On one level, Maine’s lone Republican in Congress, Sen. Susan Collins, looks like a defeat waiting to happen.

She is a Republican from a state that went comfortably for Democrat Barack Obama twice. And she is from New England, a part of the country where the GOP is all but extinct in federal office.

Collins almost appears to be a Republican version of Arkansas Sen. Mark Pryor, a moderate Democrat who is vulnerable next year because his party label, which once was an asset back home, has become a liability as his state’s politics has changed.

But while Collins’ profile suggests vulnerability as she mounts another bid for re-election, there are no signs of a serious challenge on the horizon. In fact, veteran Democratic insiders scoff at the idea that the moderate Republican will even have to break a sweat in her sprint to a fourth term. A Public Policy Polling (a Democratic firm) survey in January showed Collins with a 65 percent job approval rating and holding leads of 18 points and 25 points over the state’s two Democratic House members.

Maine’s political landscape certainly doesn’t favor Collins, who is the only Republican senator seeking re-election this cycle from that state. Obama won the state by just more than 15 points in 2102 and by more than 17 points four years earlier.

Republicans lost both chambers of the Maine Legislature in 2012 (after winning them two years earlier in the Republican wave), and the only reason Republican Paul R. LePage won the governorship in 2010 was that he narrowly finished first in a three-way contest that split the Democratic vote.
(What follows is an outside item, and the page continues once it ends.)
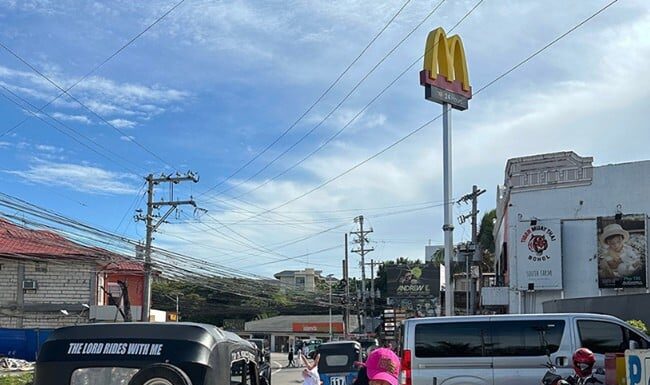 4 Styles of Pants That Can Visually Lengthen Your Silhouette but Can Also Be a Fashion Faux Pas If Not Worn Right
Democrats currently hold both of the state’s U.S. House seats, and the last Republican to win a congressional race in the state was James Longley in 1994.

But Maine voters apparently like Collins’ moderate voting record and low-key style. She ranks as the most liberal Republican still in the Senate according to National Journal’s vote ratings, and more importantly, she has created a separate identity for herself apart from her party.

In 2008, a bad year for Republicans, Collins absolutely destroyed her Democratic opponent, then-Rep. Tom Allen, a popular former Portland mayor, by more than 22 percentage points.

That victory was an eye-opener for Democrats, and it probably is one reason why no Maine Democratic political heavyweight has come forward to challenger her.

In that election, according to the Maine Senate exit poll, Collins won 63 percent of men and 59 percent of women. She won all age groups, income categories and education categories. She won a third of Democrats, two-thirds of independents and a majority of those who said they disapproved of the way George W. Bush was handling his job. She also won 58 percent of those voters in Allen’s congressional district.

And perhaps most stunningly, Collins won 40 percent of those Maine voters who said that they voted for Obama for president.

As long as Maine voters focus on Collins’ name rather than on her Republican label, it’s difficult to see any Democrat defeating her. The first step for Democrats, of course, would be getting a candidate with stature and resources. And at this point, nobody like that is waiting in the wings.